• EXERCISE MATERIAL:
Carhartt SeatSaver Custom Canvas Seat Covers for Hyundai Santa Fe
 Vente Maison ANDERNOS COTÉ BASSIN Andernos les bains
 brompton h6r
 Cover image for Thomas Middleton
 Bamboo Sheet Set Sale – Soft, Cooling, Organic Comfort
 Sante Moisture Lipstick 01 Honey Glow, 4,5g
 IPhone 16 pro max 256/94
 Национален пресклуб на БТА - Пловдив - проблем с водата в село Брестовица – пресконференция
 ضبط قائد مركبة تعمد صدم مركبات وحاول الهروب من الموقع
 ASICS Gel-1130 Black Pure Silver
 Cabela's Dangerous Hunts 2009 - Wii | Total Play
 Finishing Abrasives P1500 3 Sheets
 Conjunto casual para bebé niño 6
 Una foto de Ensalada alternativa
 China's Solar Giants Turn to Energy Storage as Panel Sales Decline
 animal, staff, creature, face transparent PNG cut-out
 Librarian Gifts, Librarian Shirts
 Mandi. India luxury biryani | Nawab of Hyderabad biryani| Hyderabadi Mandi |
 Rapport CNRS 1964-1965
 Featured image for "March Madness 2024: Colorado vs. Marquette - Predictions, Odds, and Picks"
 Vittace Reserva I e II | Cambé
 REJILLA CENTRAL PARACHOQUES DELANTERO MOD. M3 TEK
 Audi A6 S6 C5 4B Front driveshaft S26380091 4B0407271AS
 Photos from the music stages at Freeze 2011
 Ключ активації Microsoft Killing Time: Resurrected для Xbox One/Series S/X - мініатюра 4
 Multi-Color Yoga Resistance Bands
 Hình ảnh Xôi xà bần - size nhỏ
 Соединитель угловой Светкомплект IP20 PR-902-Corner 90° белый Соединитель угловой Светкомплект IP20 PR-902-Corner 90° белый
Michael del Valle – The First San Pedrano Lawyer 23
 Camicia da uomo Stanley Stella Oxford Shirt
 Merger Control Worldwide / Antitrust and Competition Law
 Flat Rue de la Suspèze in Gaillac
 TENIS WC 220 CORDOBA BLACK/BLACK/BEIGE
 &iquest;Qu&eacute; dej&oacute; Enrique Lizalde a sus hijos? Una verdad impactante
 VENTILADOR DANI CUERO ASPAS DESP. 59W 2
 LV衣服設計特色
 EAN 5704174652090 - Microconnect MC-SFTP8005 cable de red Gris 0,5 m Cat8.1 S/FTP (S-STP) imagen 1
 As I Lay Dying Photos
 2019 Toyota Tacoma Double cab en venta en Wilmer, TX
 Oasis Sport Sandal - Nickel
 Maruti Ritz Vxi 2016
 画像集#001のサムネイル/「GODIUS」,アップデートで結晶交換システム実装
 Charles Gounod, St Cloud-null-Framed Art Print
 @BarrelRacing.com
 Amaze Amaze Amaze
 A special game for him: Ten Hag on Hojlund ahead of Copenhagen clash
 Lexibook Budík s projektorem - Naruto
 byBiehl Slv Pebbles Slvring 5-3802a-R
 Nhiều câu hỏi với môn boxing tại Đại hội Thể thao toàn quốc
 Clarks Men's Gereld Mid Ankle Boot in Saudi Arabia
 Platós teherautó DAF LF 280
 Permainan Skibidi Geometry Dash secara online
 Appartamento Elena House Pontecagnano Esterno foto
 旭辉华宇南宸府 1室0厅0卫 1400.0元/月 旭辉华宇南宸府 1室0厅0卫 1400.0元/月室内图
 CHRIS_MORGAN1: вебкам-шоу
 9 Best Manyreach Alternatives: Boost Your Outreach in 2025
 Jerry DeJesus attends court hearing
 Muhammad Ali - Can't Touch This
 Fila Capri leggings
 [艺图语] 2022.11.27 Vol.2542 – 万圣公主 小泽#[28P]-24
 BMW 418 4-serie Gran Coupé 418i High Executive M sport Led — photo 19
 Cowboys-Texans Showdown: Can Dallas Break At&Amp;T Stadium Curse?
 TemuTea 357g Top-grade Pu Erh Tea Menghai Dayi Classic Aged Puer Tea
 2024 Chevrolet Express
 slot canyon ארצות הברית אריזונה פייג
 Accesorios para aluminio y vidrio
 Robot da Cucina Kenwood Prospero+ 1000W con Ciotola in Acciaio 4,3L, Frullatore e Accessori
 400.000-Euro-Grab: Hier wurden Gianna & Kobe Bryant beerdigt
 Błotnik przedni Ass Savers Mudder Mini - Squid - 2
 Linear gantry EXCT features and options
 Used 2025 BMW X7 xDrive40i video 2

• ABOUT THIS TASK:
Your task is to retype all of the records exactly.

• RESPONSE TO THIS TASK:
Carhartt SeatSaver Custom Canvas Seat Covers for Hyundai Santa Fe
 Vente Maison ANDERNOS COTÉ BASSIN Andernos les bains
 brompton h6r
 Cover image for Thomas Middleton
 Bamboo Sheet Set Sale – Soft, Cooling, Organic Comfort
 Sante Moisture Lipstick 01 Honey Glow, 4,5g
 IPhone 16 pro max 256/94
 Национален пресклуб на БТА - Пловдив - проблем с водата в село Брестовица – пресконференция
 ضبط قائد مركبة تعمد صدم مركبات وحاول الهروب من الموقع
 ASICS Gel-1130 Black Pure Silver
 Cabela's Dangerous Hunts 2009 - Wii | Total Play
 Finishing Abrasives P1500 3 Sheets
 Conjunto casual para bebé niño 6
 Una foto de Ensalada alternativa
 China's Solar Giants Turn to Energy Storage as Panel Sales Decline
 animal, staff, creature, face transparent PNG cut-out
 Librarian Gifts, Librarian Shirts
 Mandi. India luxury biryani | Nawab of Hyderabad biryani| Hyderabadi Mandi |
 Rapport CNRS 1964-1965
 Featured image for "March Madness 2024: Colorado vs. Marquette - Predictions, Odds, and Picks"
 Vittace Reserva I e II | Cambé
 REJILLA CENTRAL PARACHOQUES DELANTERO MOD. M3 TEK
 Audi A6 S6 C5 4B Front driveshaft S26380091 4B0407271AS
 Photos from the music stages at Freeze 2011
 Ключ активації Microsoft Killing Time: Resurrected для Xbox One/Series S/X - мініатюра 4
 Multi-Color Yoga Resistance Bands
 Hình ảnh Xôi xà bần - size nhỏ
 Соединитель угловой Светкомплект IP20 PR-902-Corner 90° белый Соединитель угловой Светкомплект IP20 PR-902-Corner 90° белый
Michael del Valle – The First San Pedrano Lawyer 23
 Camicia da uomo Stanley Stella Oxford Shirt
 Merger Control Worldwide / Antitrust and Competition Law
 Flat Rue de la Suspèze in Gaillac
 TENIS WC 220 CORDOBA BLACK/BLACK/BEIGE
 &iquest;Qu&eacute; dej&oacute; Enrique Lizalde a sus hijos? Una verdad impactante
 VENTILADOR DANI CUERO ASPAS DESP. 59W 2
 LV衣服設計特色
 EAN 5704174652090 - Microconnect MC-SFTP8005 cable de red Gris 0,5 m Cat8.1 S/FTP (S-STP) imagen 1
 As I Lay Dying Photos
 2019 Toyota Tacoma Double cab en venta en Wilmer, TX
 Oasis Sport Sandal - Nickel
 Maruti Ritz Vxi 2016
 画像集#001のサムネイル/「GODIUS」,アップデートで結晶交換システム実装
 Charles Gounod, St Cloud-null-Framed Art Print
 @BarrelRacing.com
 Amaze Amaze Amaze
 A special game for him: Ten Hag on Hojlund ahead of Copenhagen clash
 Lexibook Budík s projektorem - Naruto
 byBiehl Slv Pebbles Slvring 5-3802a-R
 Nhiều câu hỏi với môn boxing tại Đại hội Thể thao toàn quốc
 Clarks Men's Gereld Mid Ankle Boot in Saudi Arabia
 Platós teherautó DAF LF 280
 Permainan Skibidi Geometry Dash secara online
 Appartamento Elena House Pontecagnano Esterno foto
 旭辉华宇南宸府 1室0厅0卫 1400.0元/月 旭辉华宇南宸府 1室0厅0卫 1400.0元/月室内图
 CHRIS_MORGAN1: вебкам-шоу
 9 Best Manyreach Alternatives: Boost Your Outreach in 2025
 Jerry DeJesus attends court hearing
 Muhammad Ali - Can't Touch This
 Fila Capri leggings
 [艺图语] 2022.11.27 Vol.2542 – 万圣公主 小泽#[28P]-24
 BMW 418 4-serie Gran Coupé 418i High Executive M sport Led — photo 19
 Cowboys-Texans Showdown: Can Dallas Break At&Amp;T Stadium Curse?
 TemuTea 357g Top-grade Pu Erh Tea Menghai Dayi Classic Aged Puer Tea
 2024 Chevrolet Express
 slot canyon ארצות הברית אריזונה פייג
 Accesorios para aluminio y vidrio
 Robot da Cucina Kenwood Prospero+ 1000W con Ciotola in Acciaio 4,3L, Frullatore e Accessori
 400.000-Euro-Grab: Hier wurden Gianna & Kobe Bryant beerdigt
 Błotnik przedni Ass Savers Mudder Mini - Squid - 2
 Linear gantry EXCT features and options
 Used 2025 BMW X7 xDrive40i video 2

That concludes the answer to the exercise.